Mais la famille Dreyfus, convaincue de l’innocence du capitaine, cherchait de son côté. Elle allait entreprendre une campagne de réhabilitation. La première et courageuse brochure de Bernard Lazare, qui allait paraître en novembre 1896, était en préparation.

Une sourde agitation commençait ; et le colonel Picquart suppliait l’État-Major de ne pas se laisser devancer, de ne pas se laisser enlever la direction de l’affaire. Puisqu’une erreur judiciaire avait été commise par des officiers, il fallait que ce fût l’armée elle-même qui eût l’initiative et l’honneur de la réparation.

Seul, l’État-Major, ayant des éléments sérieux et des moyens décisifs d’information, pouvait mener à bonne fin l’œuvre de justice, qui s’égarerait au dehors et se perdrait. Voilà le langage que le colonel Picquart tenait à ses chefs.

Le 9 septembre 1896, il écrivait au général Gonse :

Mon Général

J’ai lu attentivement votre lettre et je suivrai scrupuleusement vos instructions. Mais je crois devoir vous dire ceci : De nombreux indices et un fait grave dont je vous parlerai à votre retour me montre que le moment est proche où des gens qui ont la conviction qu’on s’est trompé à leur égard vont tout tenter et faire un gros scandale.

Je crois avoir fait le nécessaire pour que l’initiative vienne de nous.

Si l’on perd trop de temps, l’initiative viendra d’ailleurs, ce qui, abstraction faite de considérations plus élevées, ne nous donnera pas le beau rôle.

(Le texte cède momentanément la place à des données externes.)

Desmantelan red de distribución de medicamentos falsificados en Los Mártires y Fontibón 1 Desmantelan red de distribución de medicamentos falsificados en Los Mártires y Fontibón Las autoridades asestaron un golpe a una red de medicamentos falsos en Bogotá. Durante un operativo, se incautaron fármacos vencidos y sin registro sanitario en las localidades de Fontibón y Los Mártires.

Je dois ajouter que ces gens-là ne me paraissent pas informés comme nous le sommes et que leur tentative me paraît devoir aboutir à un gros gâchis, un scandale ; un gros bruit qui n’amènera pourtant pas la clarté : Ce sera une crise fâcheuse inutile et qu’on pourrait éviter en faisant justice à temps.

Veuillez, etc.

Picquart.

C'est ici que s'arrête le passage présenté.